A devotional from Central Presbyterian Church. Find a previous day here.
Monday June 29, 2020
1 John 5:18-19
We know that everyone who has been born of God does not keep on sinning, but he who was born of God protects him, and the evil one does not touch him. 19 We know that we are from God, and the whole world lies in the power of the evil one.
“How far is too far?” It doesn’t take long in youth ministry before you begin to start hearing many of the same questions. Since long before the advent of “youth group,” inquiring teenagers have been asking some form of the question above, which can essentially be interpreted as, “Where is the line between sin and not sin and how can I get as close to it as possible?” Long-time youth minister and author Doug Fields, speaking to a large gathering of youth workers, once jokingly noted that the two most popular topics to discuss with teenagers were sex and the end times, and the quickest way to grow your youth group would be to advertise a series on whether there was sex IN the end times.

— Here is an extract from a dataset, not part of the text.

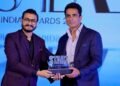 Biswarup Dey Mukherjee Receives Prestigious Dance Choreography Award from Sonu Sood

All jokes aside, teenagers aren’t the only ones interested in attempting to walk the fine line of simultaneously obeying the commands of God while enjoying the things of the world.
In the very beginning, at the climax of creation, God created Adam and Eve in His own image and gave them dominion over the entire earth. Every beast and bird, every fish and fruit, everything that had breath of life, were put under the authority of the man and wife, and it wasn’t just good, but God declared that it was all “very good.” They literally had the entire world at their fingertips, given by God to use and enjoy as they saw fit, all except for one tree in the garden: the tree of the knowledge of good and evil, of which the Lord told Adam, “in the day that you eat of it you shall surely die.” Sounds reasonable enough, no? Unfortunately, we know the rest of this story. Adam and Eve were not alone in the garden, but the enemy of God was there as well, who deceived them, planting within them seeds of doubt about the goodness of their Maker. The enemy told them that in His prohibition, God was keeping the very best of the garden away from them, and if they would only taste the fruit, they too would become like God. The man and woman listened to and believed the lies, and in the first act of human disobedience, instantly brought sin and death into the world. They did not physically die on that day; instead what they experienced was something far worse: expulsion from the garden and separation from their Maker.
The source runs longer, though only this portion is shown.